Potosi tornou-se, ainda no século 16, uma das urbes mais ricas e cobiçadas da colônia de Espanha; em 1640, época em que metade da prata comercializada no mundo saía do Cerro Rico (Potosi), sua população de 160 mil almas rivalizava com a de capitais como Paris e Madri. Paróquias, havia 14. Conventos, cinco. Prostitutas, mais de 120. E, reza a lenda, até as ruas da cidade estavam banhadas com argento. A Coroa Espanhola e seus credores exultavam. Mas a opulência – e a perspectiva de uma riqueza sem fim -, trouxe também a degradação da vida dos indígenas. 

Coube ao vice-rei Francisco de Toledo instaurar em Potosi, em 1575, o sistema de “mitas”, que obrigava boa parte dos nativos locais a labutar dentro das minas, em situação análoga à da escravidão. A eles juntaram-se punhados de negros, trazidos de Angola e Cabo Verde.

A cidade de Potosi no sopé do Cerro Rico.
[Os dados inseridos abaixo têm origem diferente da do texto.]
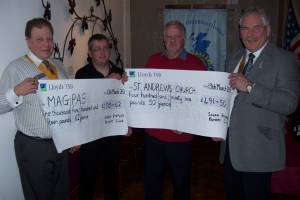 Cheque presentation to Magpas and St Andre'w Chruch. 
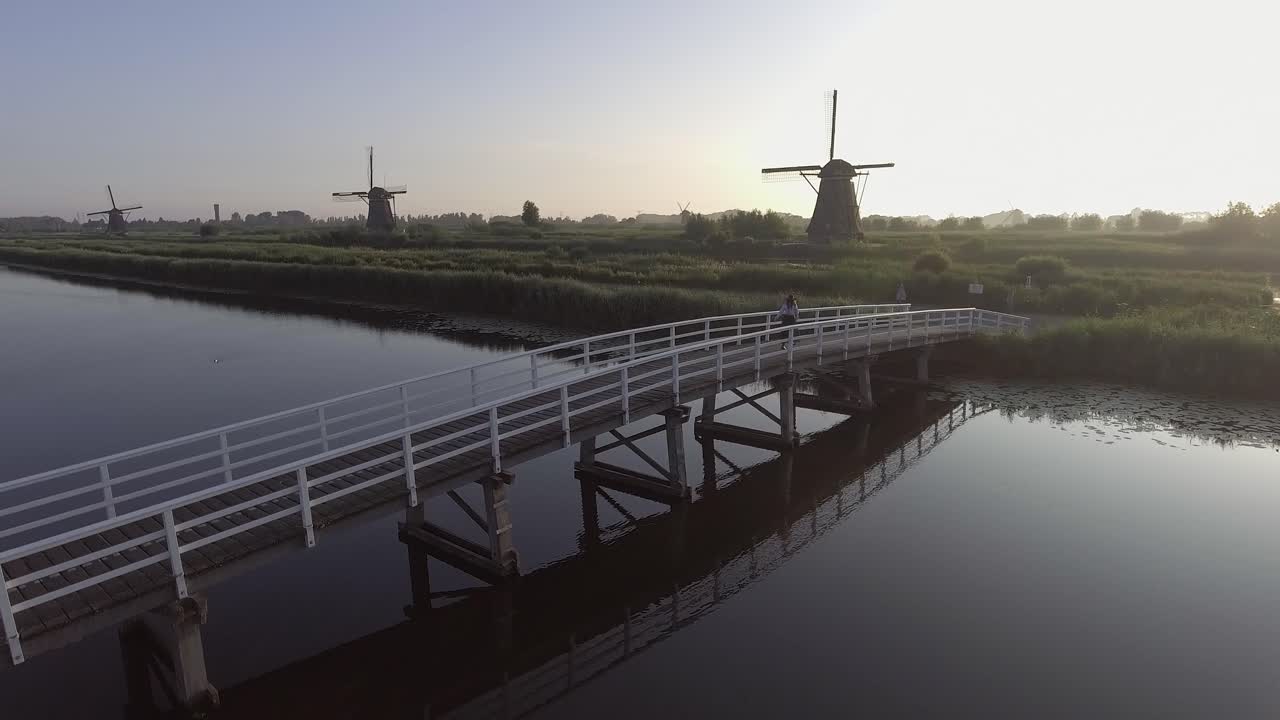 왼쪽으로 패닝하는 드론 샷, 해가 뜨는 동안 네덜란드의 네덜란드 풍차를 바라보며 다리 위를 걷고 돌아선 소녀 주변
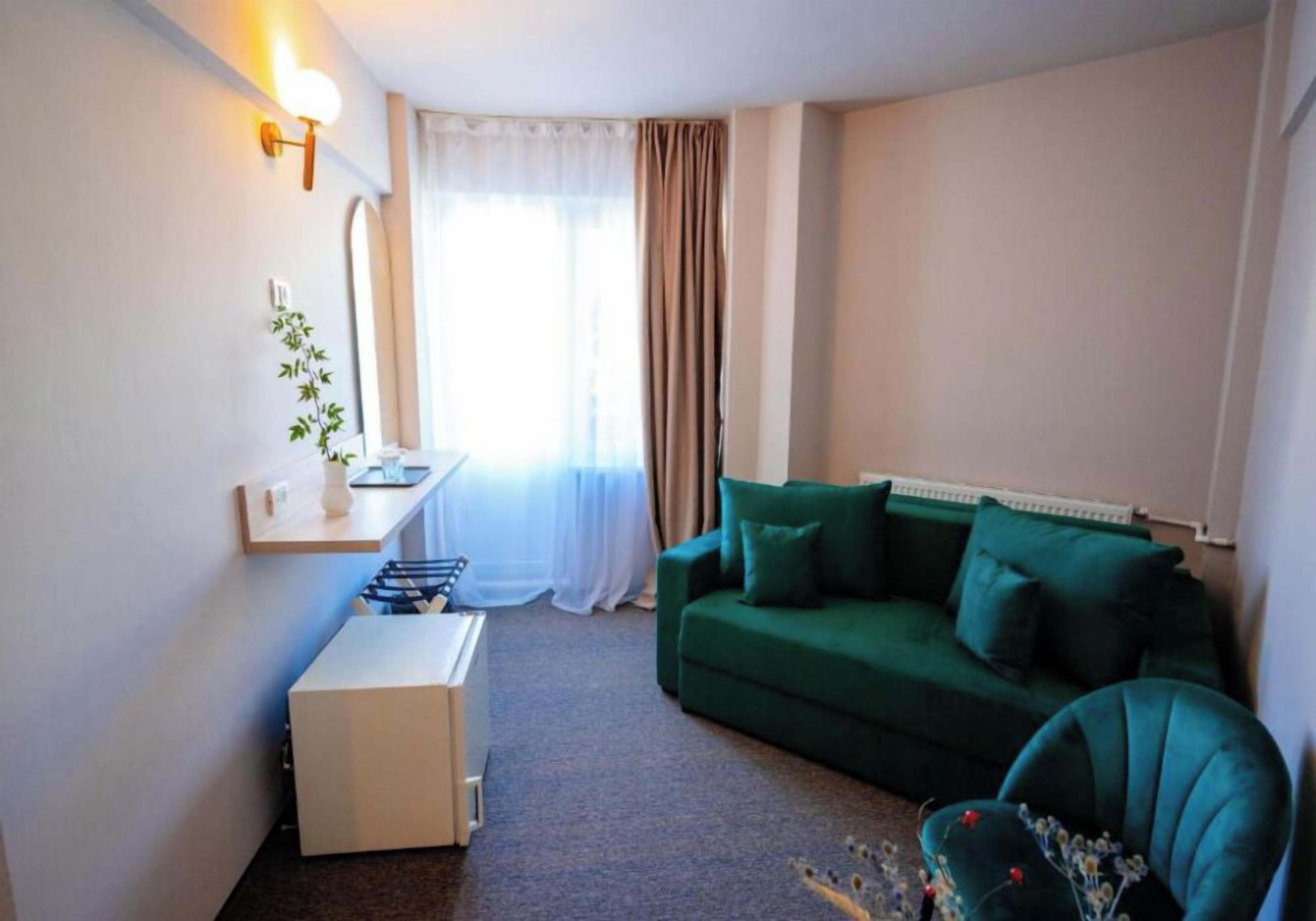 A small, well-lit room with a green sofa, a white side table, and a radiator.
E o trabalho, como se pode imaginar, era árduo: equipados com picaretas, velas de sebo e quase nenhum acessório de segurança, homens adultos, adolescentes e crianças se embrenhavam nos túneis do Cerro Rico para, durante horas a fio, remover e transportar o minério de prata rumo à cidade; dali ele seguiria para o porto de Arica, no Pacífico – de onde seria, finalmente, exportado para a Europa.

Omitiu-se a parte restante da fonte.